Visualization Tricks - Generate a Heatmap of your Keystrokes
January 23rd, 2008The other day I noticed that the letter markings on some of my keys on my keyboard were wearing off. I thought it was pretty neat. It’s nature’s heatmap of sorts. The keys I used the most wore off the fastest.
So then I got to thinking, wouldn’t it be neat to see keyboard heatmaps for different programming languages?
I assume LISP programmers would get their parenthesis keys worn down quickly, Python programmers would show elegant wear on their tab key, Perl users would get their “#$%^&*” keys worn down
and Java programmers would simply burn out their keyboards with all that verbosity
Thus the keyboard heatmap generator was born:
Here are some results for generating keyboard heatmaps from samples of some programming languages.
For each language there is a standard heatmap which gives each key a color from dark blue to red depending on its percent of use, and there’s a density plot which randomly places a dot on the key for each time it was hit, thus keys hit frequently have more dots.
Keep in mind these are from arbitrary code samples I found on Google code search.
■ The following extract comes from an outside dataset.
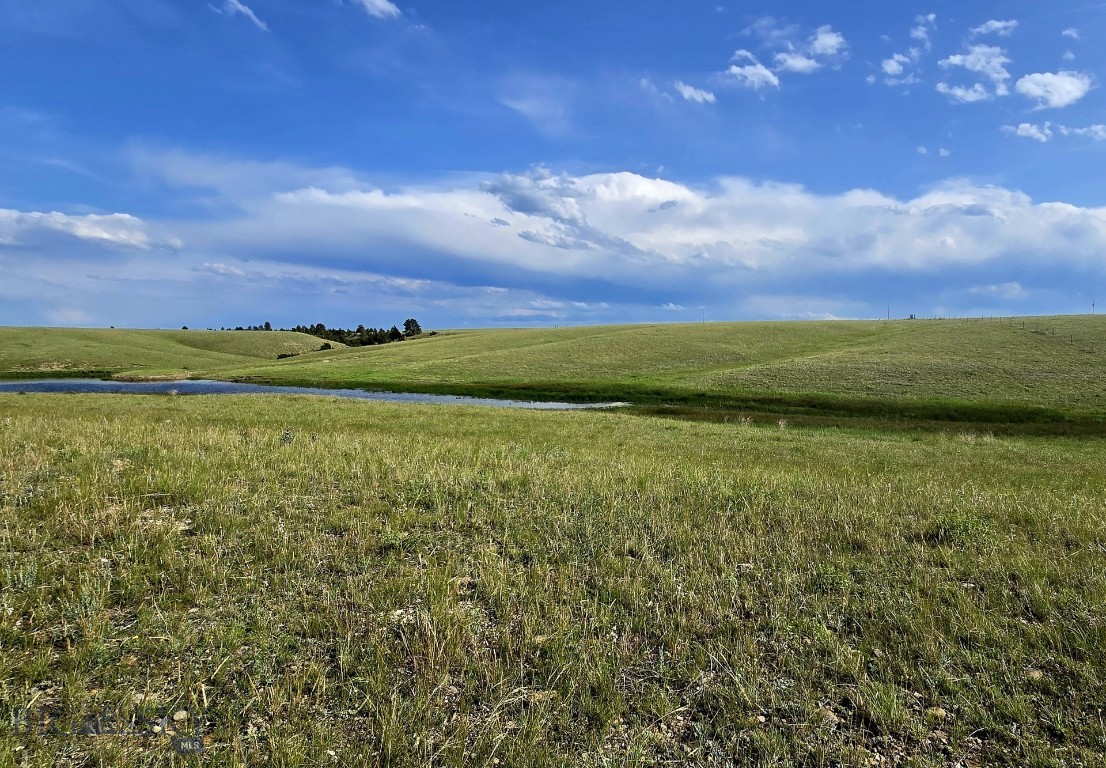 This 20-acre parcel in Shawmut, Montana features rolling hills and a private pond, making it a great spot for building, farming, or recreational use. Directly south of the property is over 650 acres of state land, offering additional space for outdoor activities and added privacy. The property is located about 25 miles from Harlowton, which offers essential services, and about 80 miles from Billings, the largest city in Montana. Billings provides full medical care, major shopping, restaurants, and an international airport. This is a great option for anyone looking for space and quiet, with convenient access to nearby towns.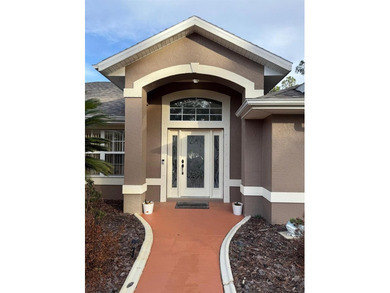 Step into this meticulously maintained three-bedroom, two-bath on The Grand Club Cypress Course in Florida - for sale on GolfHomes.com, golf home, golf lot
This certainly isn’t scientific. But you do see some of the patterns I was imagining. Look at that elegant tab use in Python! Perl is a little heavy on the dollar sign. Notice the space bar usage in Java (perhaps that implies a whole lotta typing!)
Can you come up with some other interesting heatmaps? Does your code make different heatmaps than the rest of your team? What does it look like when your cat walks on the keypad? How about a baby hitting keys?